■ Your assignment
Repeat all of the data word for word so that only the pictures are missing from the copy.

(Entries taken from a collection)
● ● ● ●
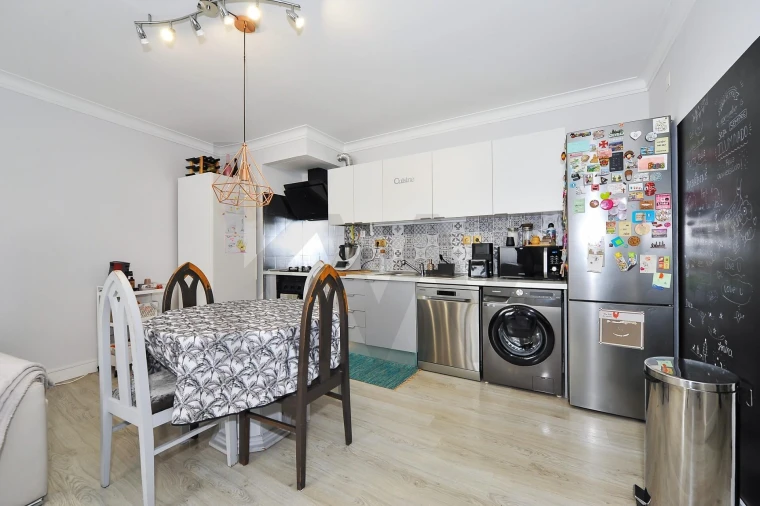 Moradia T4 para Venda em Ramada e Caneças Foto 4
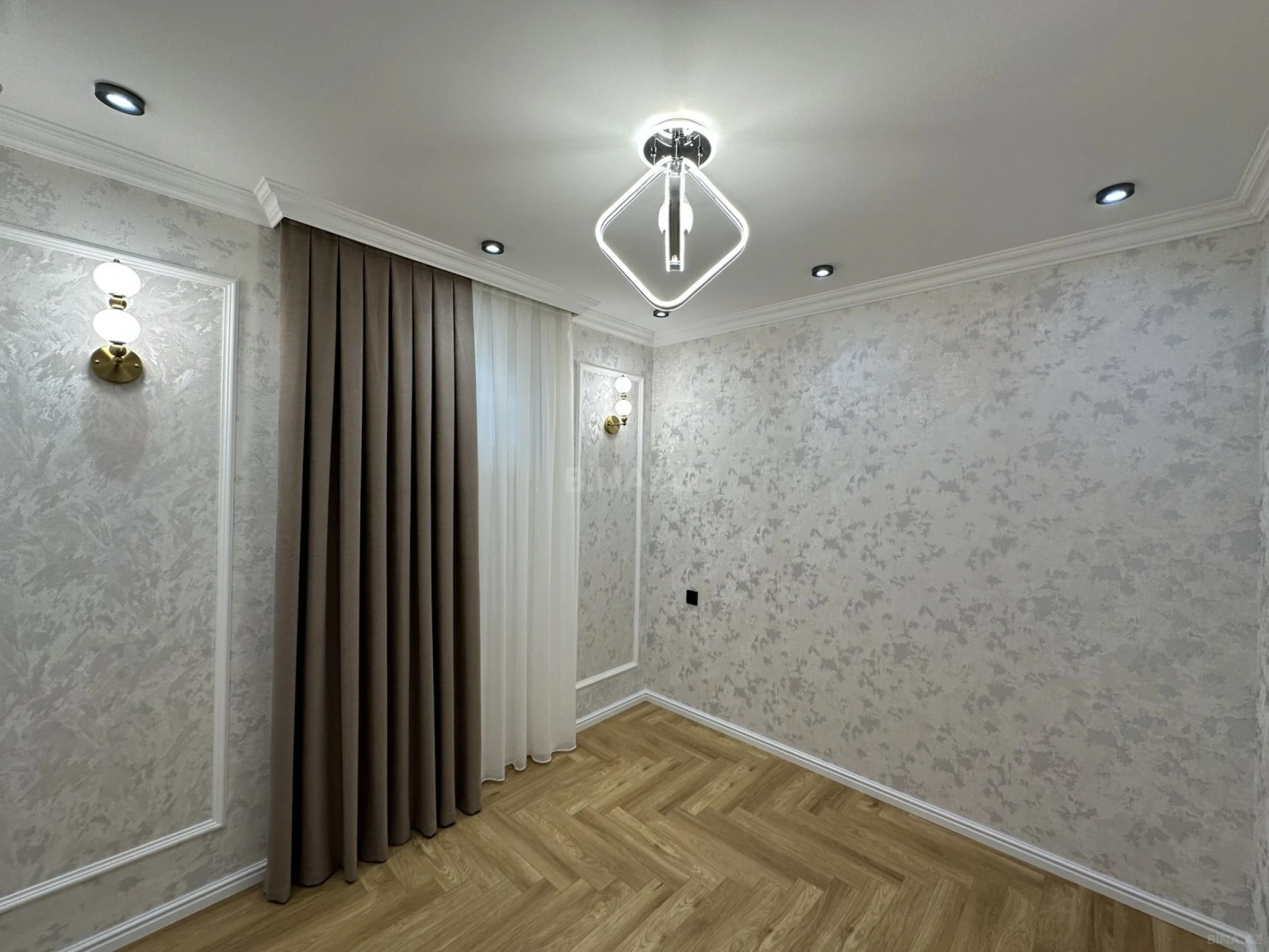 Satılır 3 otaqlı mənzil 65 m²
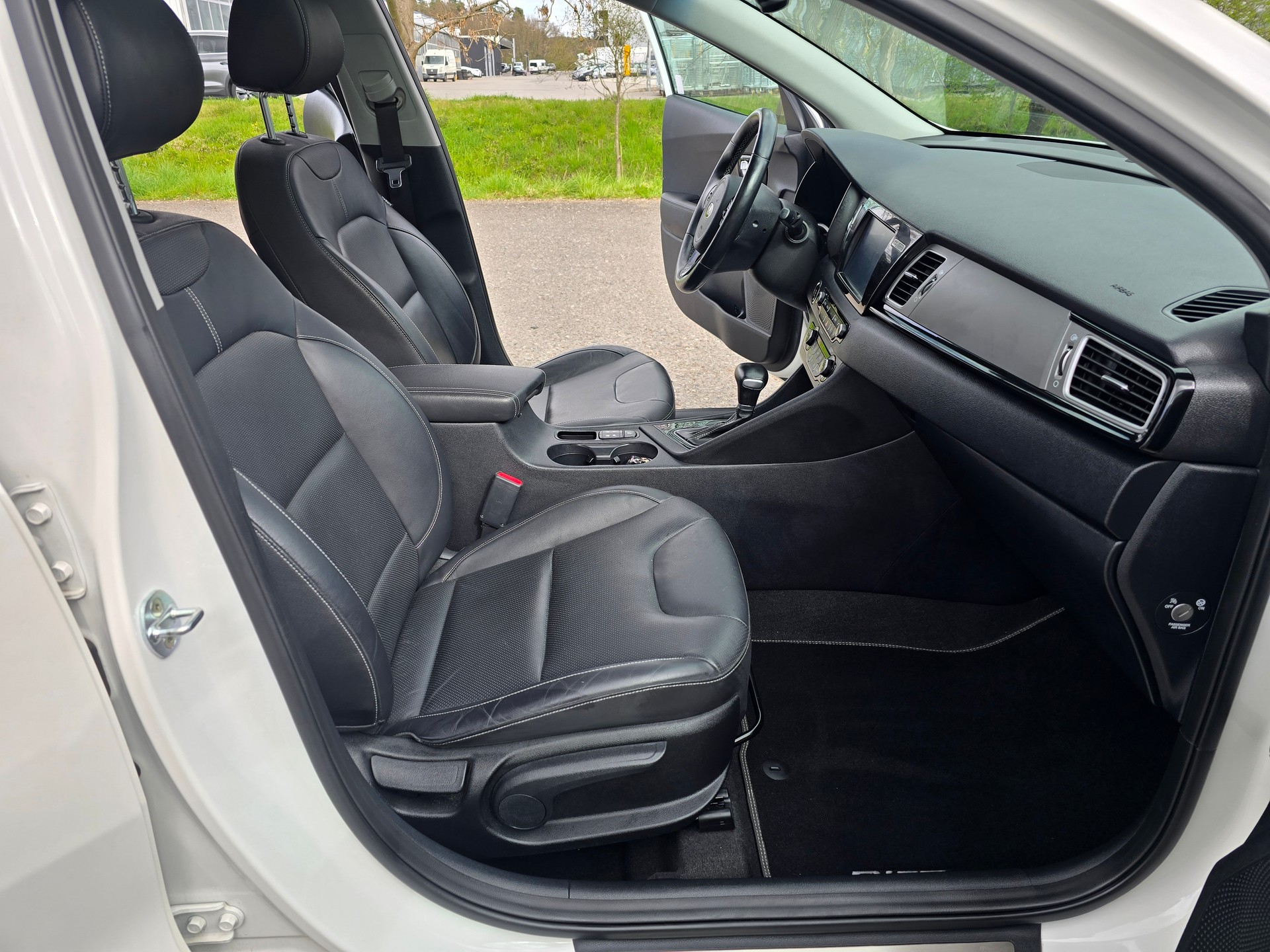 KIA Niro 1.6GDi Hybrid Style DCT-image-14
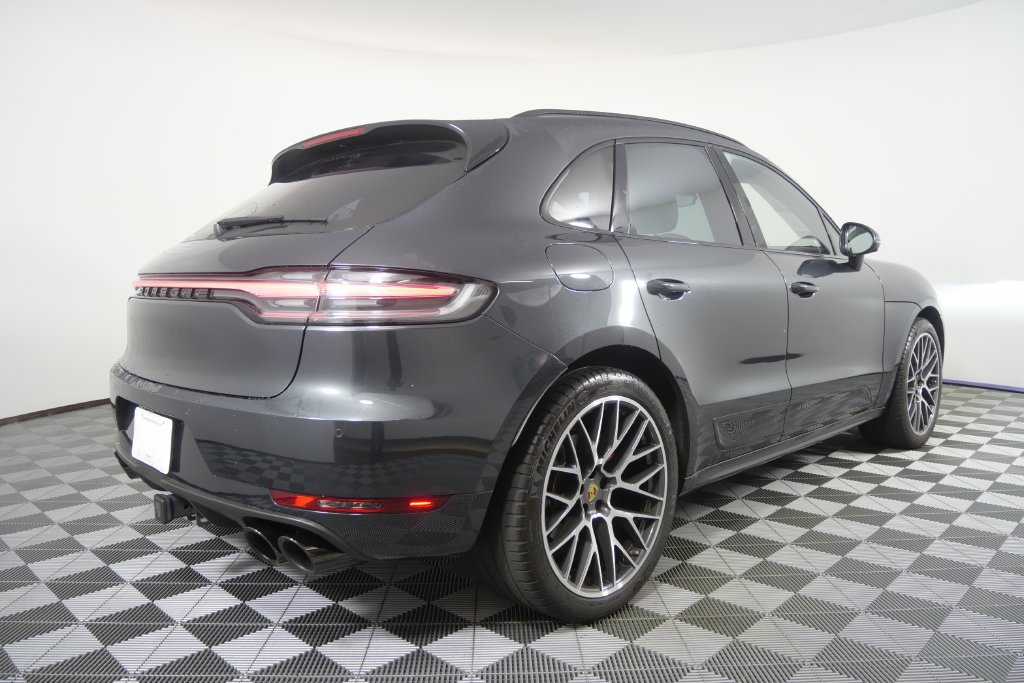 Used 2021  Porsche GTS image 4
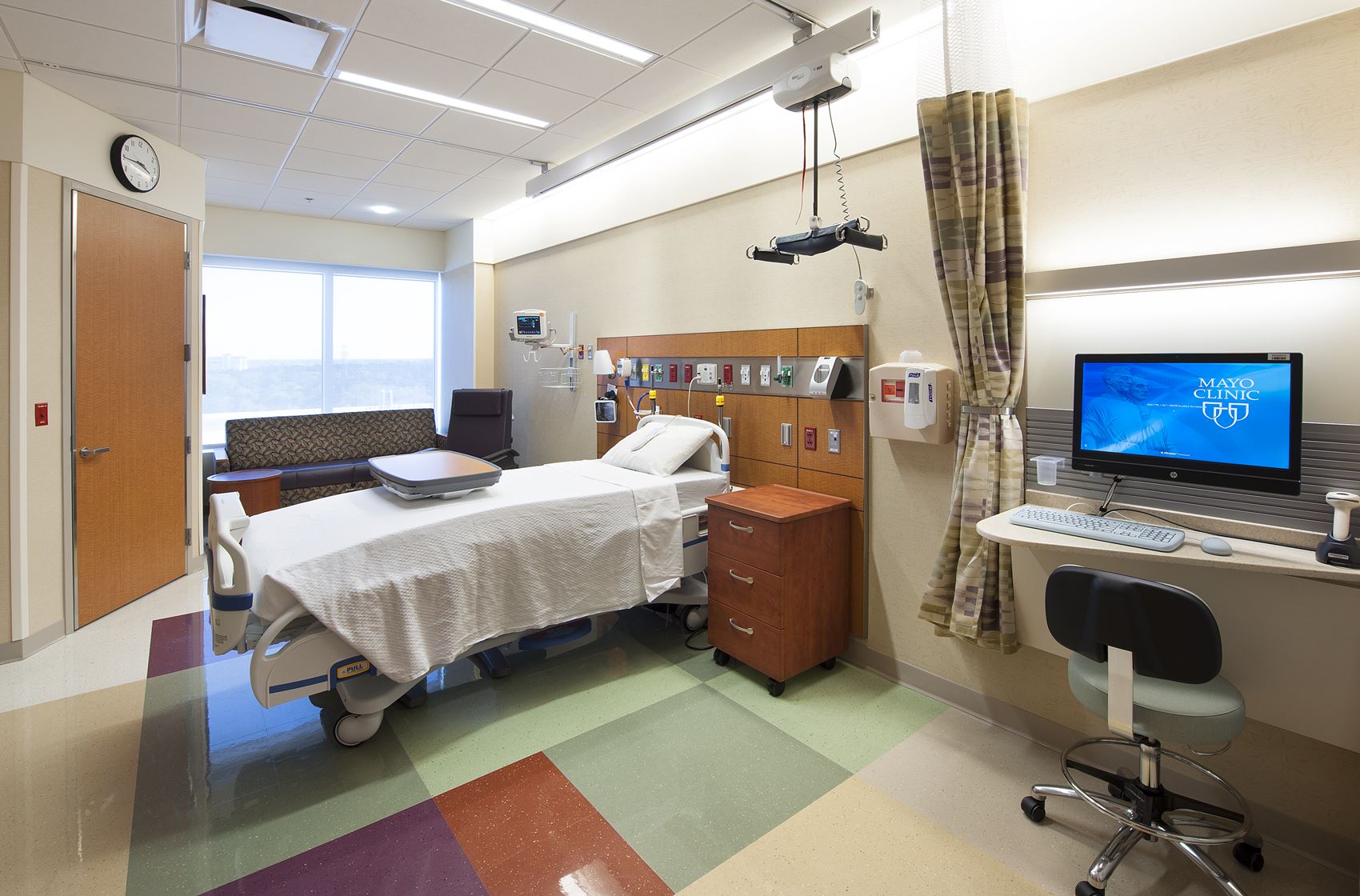Patient room at Mayo Clinic in Jacksonville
● ● ● ●
■ Solved exercise
 Moradia T4 para Venda em Ramada e Caneças Foto 4
 Satılır 3 otaqlı mənzil 65 m²
 KIA Niro 1.6GDi Hybrid Style DCT-image-14
 Used 2021  Porsche GTS image 4
Patient room at Mayo Clinic in Jacksonville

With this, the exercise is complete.